ASSIGNED TASK
A word-for-word repetition of the records beneath this task is the expected answer.

--- DATASET RECORDS Enclosed Below ---

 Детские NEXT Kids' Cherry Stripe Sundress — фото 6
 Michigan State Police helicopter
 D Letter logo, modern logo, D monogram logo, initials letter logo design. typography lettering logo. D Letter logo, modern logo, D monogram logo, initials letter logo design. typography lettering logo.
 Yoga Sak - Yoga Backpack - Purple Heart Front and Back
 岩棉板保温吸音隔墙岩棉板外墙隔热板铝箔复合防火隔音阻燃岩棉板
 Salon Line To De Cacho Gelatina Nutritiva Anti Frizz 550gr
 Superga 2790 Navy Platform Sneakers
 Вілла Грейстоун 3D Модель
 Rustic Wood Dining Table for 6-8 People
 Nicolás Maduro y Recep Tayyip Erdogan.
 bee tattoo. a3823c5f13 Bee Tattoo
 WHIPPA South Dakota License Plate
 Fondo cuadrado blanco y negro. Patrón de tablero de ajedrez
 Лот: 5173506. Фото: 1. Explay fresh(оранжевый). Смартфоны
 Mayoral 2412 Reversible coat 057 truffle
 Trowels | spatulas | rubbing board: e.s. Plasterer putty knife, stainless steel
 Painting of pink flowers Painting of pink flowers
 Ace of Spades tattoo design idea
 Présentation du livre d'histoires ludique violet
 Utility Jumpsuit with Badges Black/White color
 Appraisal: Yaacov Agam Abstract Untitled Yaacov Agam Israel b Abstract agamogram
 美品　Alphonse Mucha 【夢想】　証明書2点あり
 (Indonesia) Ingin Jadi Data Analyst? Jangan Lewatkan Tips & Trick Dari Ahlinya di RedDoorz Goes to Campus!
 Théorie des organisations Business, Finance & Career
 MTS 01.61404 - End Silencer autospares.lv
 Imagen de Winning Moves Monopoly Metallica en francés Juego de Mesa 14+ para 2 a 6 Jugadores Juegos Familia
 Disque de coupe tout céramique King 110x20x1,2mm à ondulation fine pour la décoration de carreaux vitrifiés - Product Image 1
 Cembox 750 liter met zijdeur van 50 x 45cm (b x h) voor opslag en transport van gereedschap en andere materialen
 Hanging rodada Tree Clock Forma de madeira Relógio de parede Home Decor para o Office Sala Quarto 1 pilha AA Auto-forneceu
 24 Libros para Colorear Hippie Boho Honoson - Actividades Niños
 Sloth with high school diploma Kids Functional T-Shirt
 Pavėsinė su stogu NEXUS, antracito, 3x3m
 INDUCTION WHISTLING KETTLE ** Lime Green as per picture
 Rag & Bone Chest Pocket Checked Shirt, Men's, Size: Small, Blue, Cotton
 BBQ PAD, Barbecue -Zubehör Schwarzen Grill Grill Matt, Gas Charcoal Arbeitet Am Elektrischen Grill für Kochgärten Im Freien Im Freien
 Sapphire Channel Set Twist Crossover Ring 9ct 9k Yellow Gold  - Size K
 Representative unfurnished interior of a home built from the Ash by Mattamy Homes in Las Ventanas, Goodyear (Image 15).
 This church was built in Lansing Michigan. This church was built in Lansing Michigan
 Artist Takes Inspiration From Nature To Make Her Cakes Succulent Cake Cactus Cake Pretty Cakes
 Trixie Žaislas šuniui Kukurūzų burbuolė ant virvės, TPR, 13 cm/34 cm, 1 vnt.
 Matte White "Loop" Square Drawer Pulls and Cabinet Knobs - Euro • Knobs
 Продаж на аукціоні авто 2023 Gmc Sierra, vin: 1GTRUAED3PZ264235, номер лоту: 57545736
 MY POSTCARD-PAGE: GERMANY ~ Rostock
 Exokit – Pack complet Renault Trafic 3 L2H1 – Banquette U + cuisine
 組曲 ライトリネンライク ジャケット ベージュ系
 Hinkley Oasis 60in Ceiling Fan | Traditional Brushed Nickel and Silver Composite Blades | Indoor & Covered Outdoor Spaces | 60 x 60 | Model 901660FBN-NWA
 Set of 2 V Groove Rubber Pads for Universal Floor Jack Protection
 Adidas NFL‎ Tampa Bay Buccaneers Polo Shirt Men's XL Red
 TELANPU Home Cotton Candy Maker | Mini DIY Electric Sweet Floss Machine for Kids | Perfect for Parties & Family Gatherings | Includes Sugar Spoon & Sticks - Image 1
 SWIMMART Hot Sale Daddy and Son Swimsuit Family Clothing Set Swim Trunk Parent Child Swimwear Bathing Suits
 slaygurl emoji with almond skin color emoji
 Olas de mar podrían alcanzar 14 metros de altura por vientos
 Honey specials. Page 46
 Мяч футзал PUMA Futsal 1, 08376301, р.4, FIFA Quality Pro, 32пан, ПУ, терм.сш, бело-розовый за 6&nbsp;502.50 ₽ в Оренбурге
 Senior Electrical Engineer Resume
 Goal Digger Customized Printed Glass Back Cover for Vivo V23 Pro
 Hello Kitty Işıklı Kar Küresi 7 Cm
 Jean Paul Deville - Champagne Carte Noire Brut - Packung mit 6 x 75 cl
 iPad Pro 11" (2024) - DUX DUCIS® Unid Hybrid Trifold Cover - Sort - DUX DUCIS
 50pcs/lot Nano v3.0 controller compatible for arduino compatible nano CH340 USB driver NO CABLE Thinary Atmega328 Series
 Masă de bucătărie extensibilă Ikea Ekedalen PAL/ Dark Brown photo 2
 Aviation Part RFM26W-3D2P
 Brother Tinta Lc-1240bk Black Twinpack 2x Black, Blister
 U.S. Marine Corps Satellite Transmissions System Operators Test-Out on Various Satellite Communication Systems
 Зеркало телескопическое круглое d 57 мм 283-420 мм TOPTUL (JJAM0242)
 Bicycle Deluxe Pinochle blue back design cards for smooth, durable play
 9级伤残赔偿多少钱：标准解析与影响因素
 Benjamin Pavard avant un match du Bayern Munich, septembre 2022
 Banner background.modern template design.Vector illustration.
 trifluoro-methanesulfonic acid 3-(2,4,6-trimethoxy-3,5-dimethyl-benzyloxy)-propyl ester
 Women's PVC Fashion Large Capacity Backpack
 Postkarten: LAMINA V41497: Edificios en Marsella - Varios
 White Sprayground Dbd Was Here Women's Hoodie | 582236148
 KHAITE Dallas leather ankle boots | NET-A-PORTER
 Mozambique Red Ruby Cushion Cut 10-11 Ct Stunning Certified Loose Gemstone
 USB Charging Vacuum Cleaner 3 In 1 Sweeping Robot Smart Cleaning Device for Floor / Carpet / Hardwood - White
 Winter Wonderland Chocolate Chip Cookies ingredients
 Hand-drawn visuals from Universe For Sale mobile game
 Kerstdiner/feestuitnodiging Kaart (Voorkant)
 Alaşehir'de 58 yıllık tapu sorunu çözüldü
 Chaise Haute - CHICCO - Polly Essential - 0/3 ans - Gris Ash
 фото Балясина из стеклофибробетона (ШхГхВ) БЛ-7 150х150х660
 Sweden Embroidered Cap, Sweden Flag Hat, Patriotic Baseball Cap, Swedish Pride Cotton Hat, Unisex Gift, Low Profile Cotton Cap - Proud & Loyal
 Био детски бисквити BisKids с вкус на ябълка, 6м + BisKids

--- End of Enclosed DATASET RECORDS ---

RESPONSE
 Детские NEXT Kids' Cherry Stripe Sundress — фото 6
 Michigan State Police helicopter
 D Letter logo, modern logo, D monogram logo, initials letter logo design. typography lettering logo. D Letter logo, modern logo, D monogram logo, initials letter logo design. typography lettering logo.
 Yoga Sak - Yoga Backpack - Purple Heart Front and Back
 岩棉板保温吸音隔墙岩棉板外墙隔热板铝箔复合防火隔音阻燃岩棉板
 Salon Line To De Cacho Gelatina Nutritiva Anti Frizz 550gr
 Superga 2790 Navy Platform Sneakers
 Вілла Грейстоун 3D Модель
 Rustic Wood Dining Table for 6-8 People
 Nicolás Maduro y Recep Tayyip Erdogan.
 bee tattoo. a3823c5f13 Bee Tattoo
 WHIPPA South Dakota License Plate
 Fondo cuadrado blanco y negro. Patrón de tablero de ajedrez
 Лот: 5173506. Фото: 1. Explay fresh(оранжевый). Смартфоны
 Mayoral 2412 Reversible coat 057 truffle
 Trowels | spatulas | rubbing board: e.s. Plasterer putty knife, stainless steel
 Painting of pink flowers Painting of pink flowers
 Ace of Spades tattoo design idea
 Présentation du livre d'histoires ludique violet
 Utility Jumpsuit with Badges Black/White color
 Appraisal: Yaacov Agam Abstract Untitled Yaacov Agam Israel b Abstract agamogram
 美品　Alphonse Mucha 【夢想】　証明書2点あり
 (Indonesia) Ingin Jadi Data Analyst? Jangan Lewatkan Tips & Trick Dari Ahlinya di RedDoorz Goes to Campus!
 Théorie des organisations Business, Finance & Career
 MTS 01.61404 - End Silencer autospares.lv
 Imagen de Winning Moves Monopoly Metallica en francés Juego de Mesa 14+ para 2 a 6 Jugadores Juegos Familia
 Disque de coupe tout céramique King 110x20x1,2mm à ondulation fine pour la décoration de carreaux vitrifiés - Product Image 1
 Cembox 750 liter met zijdeur van 50 x 45cm (b x h) voor opslag en transport van gereedschap en andere materialen
 Hanging rodada Tree Clock Forma de madeira Relógio de parede Home Decor para o Office Sala Quarto 1 pilha AA Auto-forneceu
 24 Libros para Colorear Hippie Boho Honoson - Actividades Niños
 Sloth with high school diploma Kids Functional T-Shirt
 Pavėsinė su stogu NEXUS, antracito, 3x3m
 INDUCTION WHISTLING KETTLE ** Lime Green as per picture
 Rag & Bone Chest Pocket Checked Shirt, Men's, Size: Small, Blue, Cotton
 BBQ PAD, Barbecue -Zubehör Schwarzen Grill Grill Matt, Gas Charcoal Arbeitet Am Elektrischen Grill für Kochgärten Im Freien Im Freien
 Sapphire Channel Set Twist Crossover Ring 9ct 9k Yellow Gold  - Size K
 Representative unfurnished interior of a home built from the Ash by Mattamy Homes in Las Ventanas, Goodyear (Image 15).
 This church was built in Lansing Michigan. This church was built in Lansing Michigan
 Artist Takes Inspiration From Nature To Make Her Cakes Succulent Cake Cactus Cake Pretty Cakes
 Trixie Žaislas šuniui Kukurūzų burbuolė ant virvės, TPR, 13 cm/34 cm, 1 vnt.
 Matte White "Loop" Square Drawer Pulls and Cabinet Knobs - Euro • Knobs
 Продаж на аукціоні авто 2023 Gmc Sierra, vin: 1GTRUAED3PZ264235, номер лоту: 57545736
 MY POSTCARD-PAGE: GERMANY ~ Rostock
 Exokit – Pack complet Renault Trafic 3 L2H1 – Banquette U + cuisine
 組曲 ライトリネンライク ジャケット ベージュ系
 Hinkley Oasis 60in Ceiling Fan | Traditional Brushed Nickel and Silver Composite Blades | Indoor & Covered Outdoor Spaces | 60 x 60 | Model 901660FBN-NWA
 Set of 2 V Groove Rubber Pads for Universal Floor Jack Protection
 Adidas NFL‎ Tampa Bay Buccaneers Polo Shirt Men's XL Red
 TELANPU Home Cotton Candy Maker | Mini DIY Electric Sweet Floss Machine for Kids | Perfect for Parties & Family Gatherings | Includes Sugar Spoon & Sticks - Image 1
 SWIMMART Hot Sale Daddy and Son Swimsuit Family Clothing Set Swim Trunk Parent Child Swimwear Bathing Suits
 slaygurl emoji with almond skin color emoji
 Olas de mar podrían alcanzar 14 metros de altura por vientos
 Honey specials. Page 46
 Мяч футзал PUMA Futsal 1, 08376301, р.4, FIFA Quality Pro, 32пан, ПУ, терм.сш, бело-розовый за 6&nbsp;502.50 ₽ в Оренбурге
 Senior Electrical Engineer Resume
 Goal Digger Customized Printed Glass Back Cover for Vivo V23 Pro
 Hello Kitty Işıklı Kar Küresi 7 Cm
 Jean Paul Deville - Champagne Carte Noire Brut - Packung mit 6 x 75 cl
 iPad Pro 11" (2024) - DUX DUCIS® Unid Hybrid Trifold Cover - Sort - DUX DUCIS
 50pcs/lot Nano v3.0 controller compatible for arduino compatible nano CH340 USB driver NO CABLE Thinary Atmega328 Series
 Masă de bucătărie extensibilă Ikea Ekedalen PAL/ Dark Brown photo 2
 Aviation Part RFM26W-3D2P
 Brother Tinta Lc-1240bk Black Twinpack 2x Black, Blister
 U.S. Marine Corps Satellite Transmissions System Operators Test-Out on Various Satellite Communication Systems
 Зеркало телескопическое круглое d 57 мм 283-420 мм TOPTUL (JJAM0242)
 Bicycle Deluxe Pinochle blue back design cards for smooth, durable play
 9级伤残赔偿多少钱：标准解析与影响因素
 Benjamin Pavard avant un match du Bayern Munich, septembre 2022
 Banner background.modern template design.Vector illustration.
 trifluoro-methanesulfonic acid 3-(2,4,6-trimethoxy-3,5-dimethyl-benzyloxy)-propyl ester
 Women's PVC Fashion Large Capacity Backpack
 Postkarten: LAMINA V41497: Edificios en Marsella - Varios
 White Sprayground Dbd Was Here Women's Hoodie | 582236148
 KHAITE Dallas leather ankle boots | NET-A-PORTER
 Mozambique Red Ruby Cushion Cut 10-11 Ct Stunning Certified Loose Gemstone
 USB Charging Vacuum Cleaner 3 In 1 Sweeping Robot Smart Cleaning Device for Floor / Carpet / Hardwood - White
 Winter Wonderland Chocolate Chip Cookies ingredients
 Hand-drawn visuals from Universe For Sale mobile game
 Kerstdiner/feestuitnodiging Kaart (Voorkant)
 Alaşehir'de 58 yıllık tapu sorunu çözüldü
 Chaise Haute - CHICCO - Polly Essential - 0/3 ans - Gris Ash
 фото Балясина из стеклофибробетона (ШхГхВ) БЛ-7 150х150х660
 Sweden Embroidered Cap, Sweden Flag Hat, Patriotic Baseball Cap, Swedish Pride Cotton Hat, Unisex Gift, Low Profile Cotton Cap - Proud & Loyal
 Био детски бисквити BisKids с вкус на ябълка, 6м + BisKids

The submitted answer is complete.